CREATE TABLE event(uid string, event string, ds date);INSERT INTO event VALUES
("user1", "pay", "2022-05-01"),
("user1", "login", "2022-05-01"),
("user1", "pay", "2022-05-02"),
("user1", "login", "2022-05-02"),
("user2", "login", "2022-05-01"),
("user3", "login", "2022-05-02"),
("user3", "pay", "2022-05-03"),
("user3", "pay", "2022-05-04");Sample data:
+-------+-------+------------+
| uid | event | ds |
+-------+-------+------------+
| user1 | login | 2022-05-01 |
| user1 | pay | 2022-05-01 |
| user1 | login | 2022-05-02 |
| user1 | pay | 2022-05-02 |
| user2 | login | 2022-05-01 |
| user3 | login | 2022-05-02 |
| user3 | pay | 2022-05-03 |
| user3 | pay | 2022-05-04 |
+-------+-------+------------+Step 2. Compute per-user retention status.
SELECT
uid,
r
FROM (
SELECT
uid,
retention_range_count(
event = 'login', -- Activation event
event = 'pay', -- Retention event
ds,
array(1, 2) -- Track day-1 and day-2 retention
) AS r
FROM event
GROUP BY uid
) AS t
ORDER BY uid;Sample result:
+-------+-----------------------------+
| uid | r |
+-------+-----------------------------+
| user1 | [[738642,0,0],[738641,1,0]] |
| user2 | [[738641,0,0]] |
| user3 | [[738642,1,1]] |
+-------+-----------------------------+Each inner array contains [start_date_as_days, day1_retained, day2_retained]. For example, user3 logged in on May 2 (day number 738642) and made a payment on both May 3 (day 1) and May 4 (day 2).

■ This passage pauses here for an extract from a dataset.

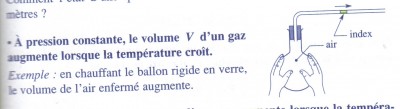 phsyique.jpg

Step 3. Aggregate to get daily retention rates across all users.
SELECT
from_days(u[1]) AS ds,
u[3] / u[2] AS retention_d1,
u[4] / u[2] AS retention_d2
FROM (
SELECT retention_range_sum(r) AS r
FROM (
SELECT
uid,
retention_range_count(
event = 'login',
event = 'pay',
ds,
array(1, 2)
) AS r
FROM event
GROUP BY uid
) AS t
ORDER BY uid
) AS r,
unnest(r.r) AS t(u);Sample result:
+------------+--------------+--------------+
| ds | retention_d1 | retention_d2 |
+------------+--------------+--------------+
| 2022-05-02 | 0.5 | 0.5 |
| 2022-05-01 | 0.5 | 0.0 |
+------------+--------------+--------------+On May 1, two users logged in (user1 and user2). Only user1 paid on May 2 (day 1 after activation), so day-1 retention for May 1 is 0.5. Neither user paid on May 3 (day 2 after activation), so day-2 retention for May 1 is 0.0. On May 2, two users logged in (user1 and user3). Both paid within the next two days, so both day-1 and day-2 retention are 0.5 for users who activated on May 2.